A deficiência de glicose-6-fosfato-desidrogenase (G6PD) é a enzimopatia eritrocitária mais comum no mundo, com uma prevalência significativa em populações de origem africana, mediterrânea e asiática. É uma condição genética ligada ao cromossomo X, que afeta a capacidade dos glóbulos vermelhos de se protegerem contra o estresse oxidativo. A G6PD é uma enzima chave na via das pentoses-fosfato, responsável pela produção de NADPH, um cofator essencial para a glutationa redutase. A glutationa reduzida, por sua vez, é fundamental para neutralizar os radicais livres e proteger as células do dano oxidativo. Na ausência ou deficiência da G6PD, os eritrócitos tornam-se vulneráveis ao estresse oxidativo, levando à hemólise intravascular e extravascular. A medida terapêutica mais importante e eficaz para crianças com deficiência de G6PD é a prevenção da hemólise. Isso implica em evitar rigorosamente os agentes desencadeantes, que incluem uma lista de medicamentos (como sulfas, antimaláricos, nitrofurantoína, dapsona), certos alimentos (notadamente a fava, causando o favismo) e infecções. O diagnóstico precoce, muitas vezes por triagem neonatal, e a educação dos pais e pacientes sobre os desencadeantes são cruciais para o manejo e para prevenir crises hemolíticas agudas, que podem ser graves e exigir transfusões sanguíneas.

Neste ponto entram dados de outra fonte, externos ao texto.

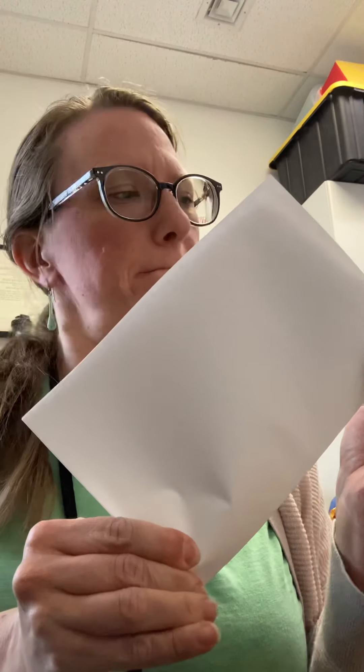Think about how many pages you would like to start with — you don't need many, because when you fold it, it's going to create more pages. I'm going to take it and fold it in half. You might want to do this on a flat surface so you can line up the edges. A parent or grown-up can help you, and then you have a book.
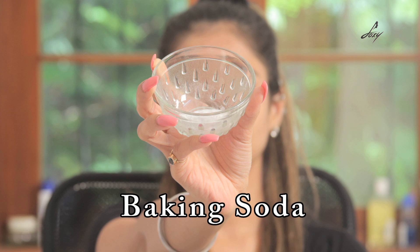Hey guys, welcome back, this is Leena. I hope you guys are doing well. Today I'm here to show you a really simple, very easy hack on how to remove blackheads. This is all over the internet and I've tried this, so I thought why don't I share it with you all.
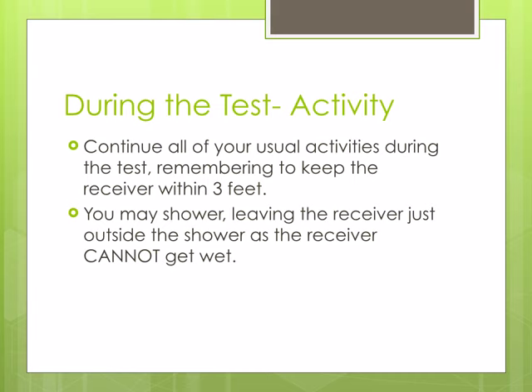You may continue all of your usual activities during the test, as long as you remember to keep the receiver within 3 feet of you. You may shower, leaving the receiver just outside the shower, as the receiver is a computer and cannot get wet.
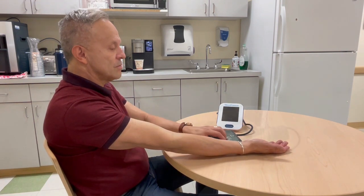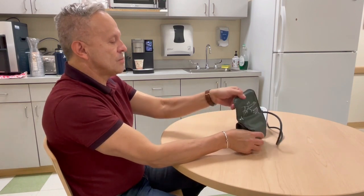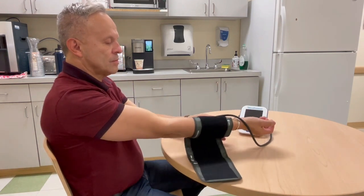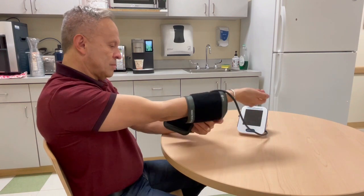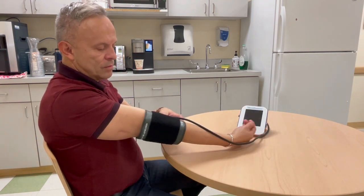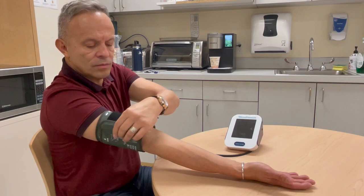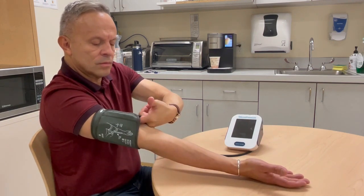Take the cuff and slide it over your elbow so that it sits directly above the bend in your arm. It is important that the picture of the arm on the cuff matches the direction of your arm, or you can read the instructions on the cuff. Rotate the cuff so the tubing falls at your inner arm. Tighten the cuff until it fits evenly and snug. You should be able to fit just one finger between the cuff and your arm.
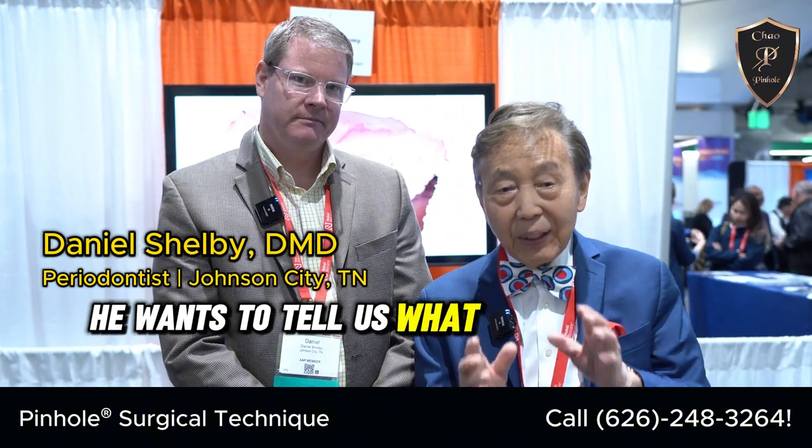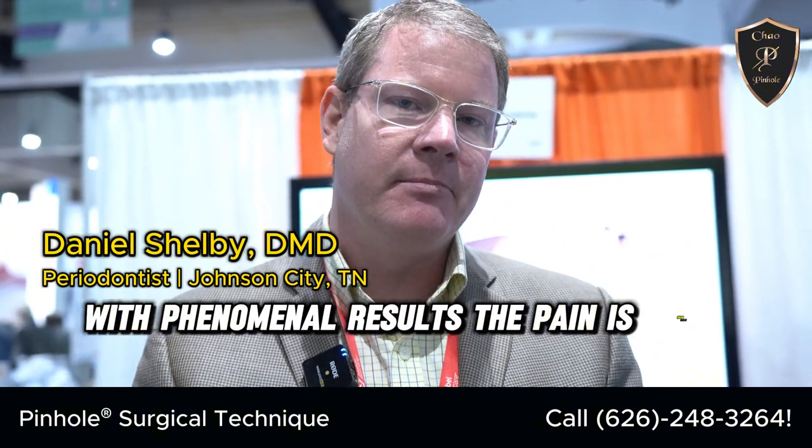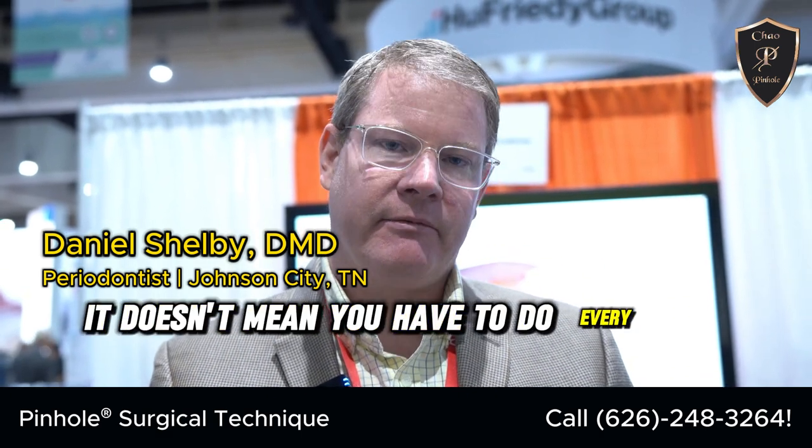He wants to tell us what he's doing with the pinhole. I use the pinhole in a number of approaches. I will use it as Dr. Chow has presented it in his lectures, with phenomenal results — the pain is much less. I look at it as a tool in my belt. It doesn't mean you have to do every case with pinhole. And you can actually combine connective tissue with his instruments. I can't imagine being a periodontist without using this approach.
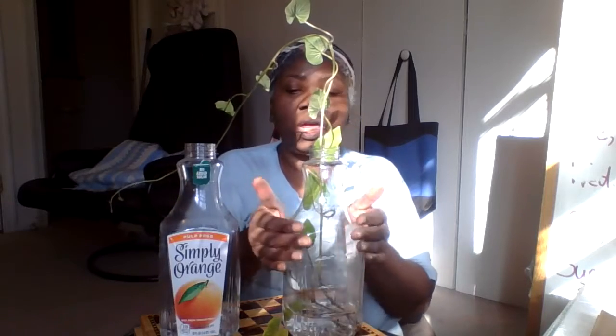More than likely what I'm going to do is cover this — since this is clear plastic, I'm probably going to cover it with some black plastic bag so that it cuts out some of the sunlight, like we do with the tomato plants.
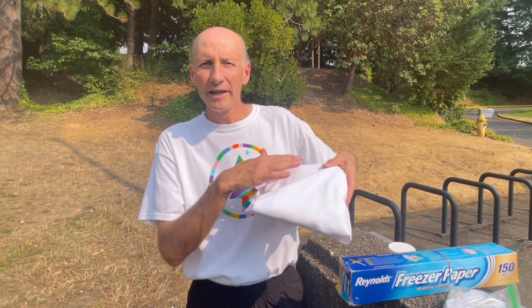Hello everyone, I'm Paul and today I'm going to show you something really cool. This is part one of a series on how to do tie-dye with controlled edges.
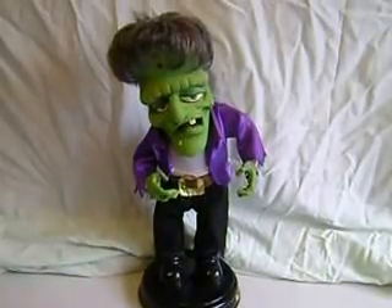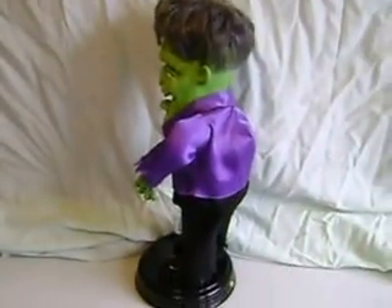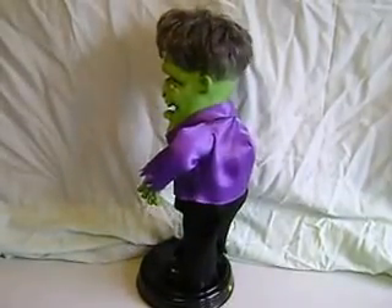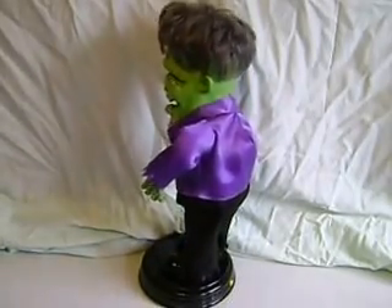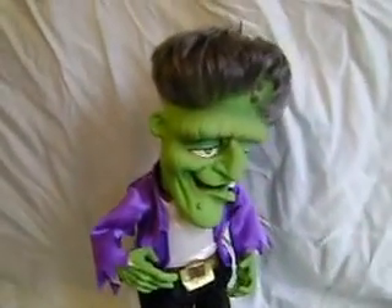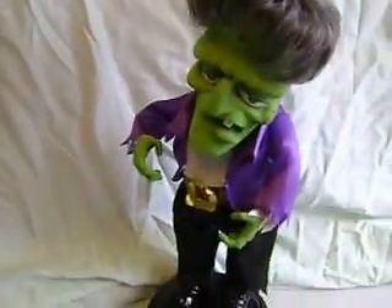This is the Jemmy Dancing Frankenstein. You can get a little bit close up of his face there, and obviously the button to turn him on. See if we can get him in front of us.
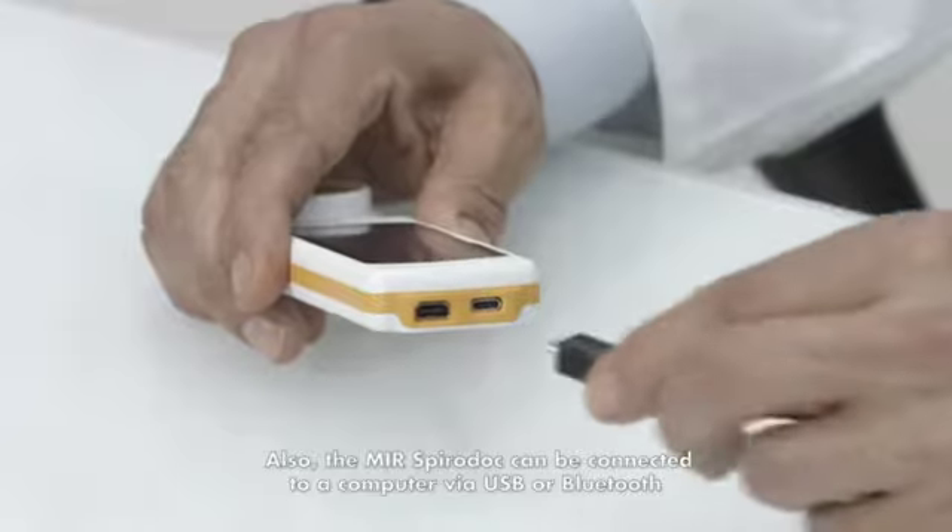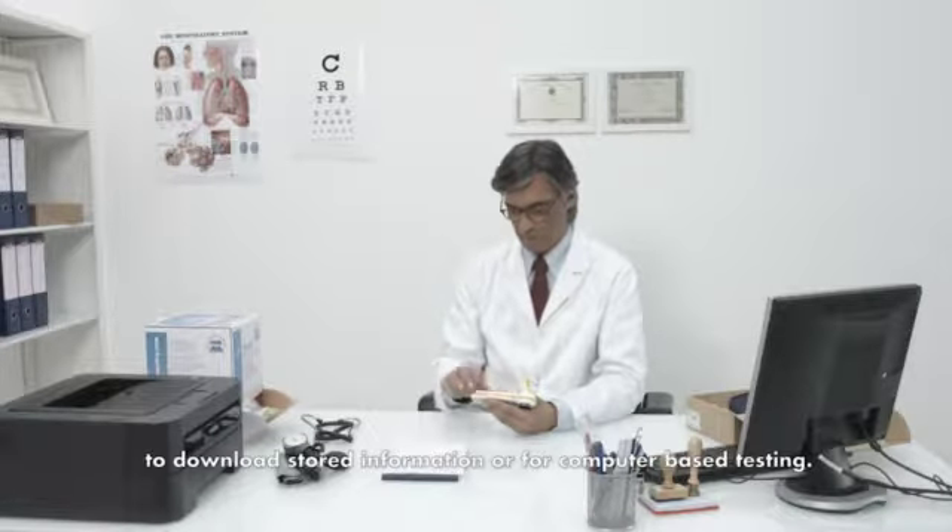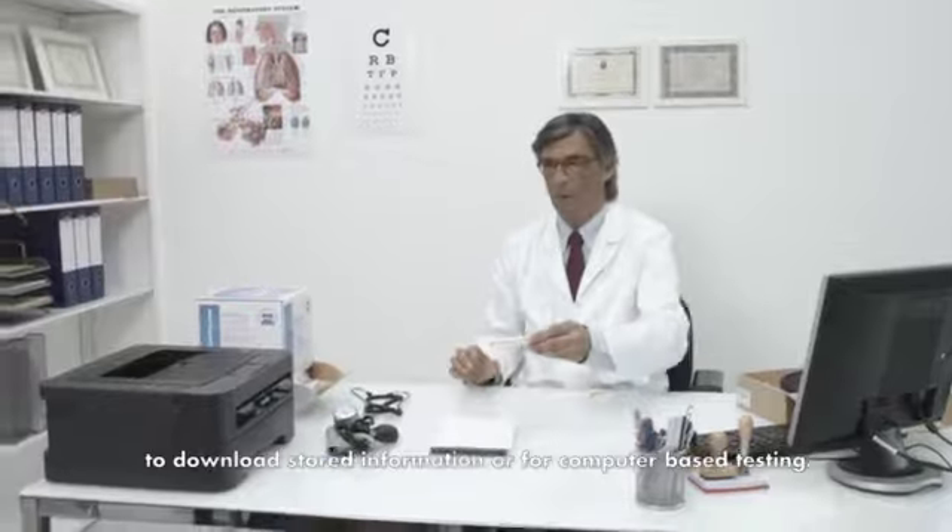Also, the MIR SpiroDoc can be connected to a computer via USB or Bluetooth to download stored information or for computer-based testing.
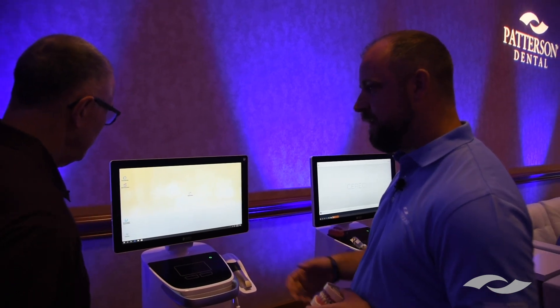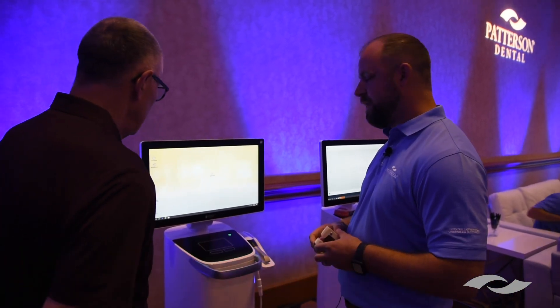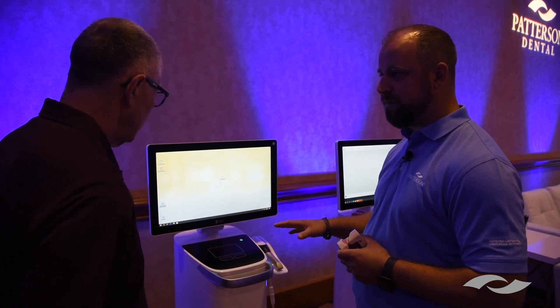This is Dentsply's new scanner. You can buy this as a digital impression system or pair it with a milling unit for a full CAD-CAM. If you want to do in-office milling hooked to a 3D printer, it's a fully open system.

Os principais desencadeantes incluem certos medicamentos (ex: sulfas, antimaláricos, aspirina em altas doses), alimentos (ex: fava), e infecções (especialmente bacterianas e virais), que aumentam o estresse oxidativo nos eritrócitos.
A G6PD é uma enzima crucial na via das pentoses-fosfato, protegendo os eritrócitos do estresse oxidativo. Sua deficiência impede a produção adequada de NADPH, levando ao acúmulo de radicais livres e danos oxidativos à membrana celular, resultando em hemólise.
A dieta é importante na deficiência de G6PD, principalmente pela restrição de favas (favismo), que são um potente desencadeante de hemólise em indivíduos suscetíveis. Outros alimentos podem ser problemáticos em casos específicos, mas a fava é o mais conhecido.